How REI’s Black Friday #OPTOUTSIDE Is Really About Something Else

27 Nov


     On Black Friday shoppers across America will run for the malls while REI employees run for the hills.

     In a much bally-hoo’d announcement this fall, REI placed core values ahead of core retail expectations.  By closing its stores on Black Friday, REI didn’t just thumb its nose at Thanksgiving Day retail creep, it effectively stuck its hiking pole in a place where consumer demands don’t shine.  Sideways.

     REI’s decision was a call to action—go outside.

      The decision to lock the doors on November 27th is more than a YoutTube video on “REI’s Day Off.”   It’s actually a clever and strategically sophisticated effort to engage and build followers and solidify its brand as the preeminent outfitter for outdoor discovery. 


Figure 1

     Since the announcement, REI has launched a multi-channel effort to encourage people to also take Black Friday off with the #optoutside hash tag campaign. (Figure 1)  On Twitter, it bought market-targeted tweets with countdown clocks to Black Friday and sent out replies to its followers with a link to the hiking trails near them.  During Thanksgiving week, it bought full-page newspaper ads and on Facebook it encouraged followers to post their outdoor plans—it received more than a million engagements.

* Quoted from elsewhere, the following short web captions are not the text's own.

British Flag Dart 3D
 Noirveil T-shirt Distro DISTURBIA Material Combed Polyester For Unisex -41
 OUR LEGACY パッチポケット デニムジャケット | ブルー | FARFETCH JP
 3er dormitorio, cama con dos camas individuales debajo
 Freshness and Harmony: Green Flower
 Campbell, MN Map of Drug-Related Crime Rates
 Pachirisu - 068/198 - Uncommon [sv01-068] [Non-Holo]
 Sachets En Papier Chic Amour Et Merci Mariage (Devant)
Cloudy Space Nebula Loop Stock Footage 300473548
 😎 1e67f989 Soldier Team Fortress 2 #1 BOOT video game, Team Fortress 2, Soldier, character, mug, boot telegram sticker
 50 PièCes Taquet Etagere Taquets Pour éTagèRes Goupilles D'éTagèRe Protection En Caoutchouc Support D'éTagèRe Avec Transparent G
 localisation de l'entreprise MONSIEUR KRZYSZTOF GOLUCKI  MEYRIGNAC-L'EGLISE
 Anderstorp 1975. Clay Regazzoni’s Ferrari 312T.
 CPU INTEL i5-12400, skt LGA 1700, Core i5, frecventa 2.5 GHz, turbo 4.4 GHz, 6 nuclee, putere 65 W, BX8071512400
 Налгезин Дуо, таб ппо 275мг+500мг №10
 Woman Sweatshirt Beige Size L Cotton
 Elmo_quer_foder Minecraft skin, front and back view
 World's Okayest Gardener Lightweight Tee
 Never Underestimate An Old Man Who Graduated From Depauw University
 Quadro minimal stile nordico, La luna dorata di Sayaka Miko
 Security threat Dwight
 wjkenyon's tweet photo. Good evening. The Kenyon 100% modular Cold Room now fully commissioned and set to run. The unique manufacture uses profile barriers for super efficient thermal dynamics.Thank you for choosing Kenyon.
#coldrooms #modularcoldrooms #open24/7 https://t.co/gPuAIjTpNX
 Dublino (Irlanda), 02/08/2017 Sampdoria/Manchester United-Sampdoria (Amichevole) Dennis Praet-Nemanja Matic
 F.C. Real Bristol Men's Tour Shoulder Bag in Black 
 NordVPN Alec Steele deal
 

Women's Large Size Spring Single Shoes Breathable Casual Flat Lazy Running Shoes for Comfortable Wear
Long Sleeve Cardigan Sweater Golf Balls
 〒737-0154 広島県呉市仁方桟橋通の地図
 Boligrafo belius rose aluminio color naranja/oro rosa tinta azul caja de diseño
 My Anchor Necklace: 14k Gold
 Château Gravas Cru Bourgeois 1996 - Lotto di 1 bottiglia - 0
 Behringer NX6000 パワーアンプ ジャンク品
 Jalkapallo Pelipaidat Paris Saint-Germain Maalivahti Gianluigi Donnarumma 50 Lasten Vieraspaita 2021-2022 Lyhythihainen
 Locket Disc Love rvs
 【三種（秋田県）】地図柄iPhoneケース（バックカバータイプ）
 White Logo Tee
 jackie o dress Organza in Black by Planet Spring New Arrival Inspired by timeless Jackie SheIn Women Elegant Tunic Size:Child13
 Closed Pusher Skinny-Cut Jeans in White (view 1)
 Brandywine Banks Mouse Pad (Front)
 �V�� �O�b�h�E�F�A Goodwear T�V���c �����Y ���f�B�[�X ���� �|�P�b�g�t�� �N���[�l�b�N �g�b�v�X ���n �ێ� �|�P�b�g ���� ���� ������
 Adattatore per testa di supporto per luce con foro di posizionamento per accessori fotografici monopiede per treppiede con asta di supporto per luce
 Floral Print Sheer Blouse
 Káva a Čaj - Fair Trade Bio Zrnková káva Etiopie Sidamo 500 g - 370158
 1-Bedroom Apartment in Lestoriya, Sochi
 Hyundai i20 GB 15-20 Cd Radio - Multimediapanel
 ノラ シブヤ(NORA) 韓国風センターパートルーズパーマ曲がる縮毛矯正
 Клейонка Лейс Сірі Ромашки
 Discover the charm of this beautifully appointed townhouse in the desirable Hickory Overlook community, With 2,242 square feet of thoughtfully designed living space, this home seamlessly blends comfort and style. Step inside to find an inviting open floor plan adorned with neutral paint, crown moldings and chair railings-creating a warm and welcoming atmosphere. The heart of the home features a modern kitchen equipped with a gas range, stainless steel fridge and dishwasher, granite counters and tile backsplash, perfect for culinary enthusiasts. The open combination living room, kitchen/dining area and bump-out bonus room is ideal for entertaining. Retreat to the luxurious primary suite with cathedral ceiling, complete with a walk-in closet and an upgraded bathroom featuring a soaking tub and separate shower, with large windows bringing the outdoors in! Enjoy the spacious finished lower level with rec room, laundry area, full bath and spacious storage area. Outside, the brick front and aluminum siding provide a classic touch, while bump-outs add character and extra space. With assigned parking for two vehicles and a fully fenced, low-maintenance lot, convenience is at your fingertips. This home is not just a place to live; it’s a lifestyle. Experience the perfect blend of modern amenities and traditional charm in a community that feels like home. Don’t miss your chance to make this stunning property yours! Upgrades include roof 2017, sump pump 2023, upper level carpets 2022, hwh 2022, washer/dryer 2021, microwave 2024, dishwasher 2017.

     At the heart of the strategy for REI is brand building. In a retail environment where consumers can buy anything through Amazon and where outfitters such as Cabelas are aggressively opening new stores, REI has to fight to maintain market share.  Even discounters such as Walmart and Target are threats with their sporting departments and growing online offerings. 


Figure 2

     By staking its claim against Black Friday, REI is hoping to reposition itself in the mind of the consumer.  It’s strategically telling outdoor enthusiasts that REI is the only brand that cares not just about the outdoors, but also about its employees and customers and therefore occupies a coveted spot in the upper left hand corner of my branding typology in figure 2.  That’s a strong brand position to stake because it gives both authenticity and credibility to REI’s #optoutside call to action.  It’s about empowerment in much the same way that Nike urges its followers to “Just Do It.”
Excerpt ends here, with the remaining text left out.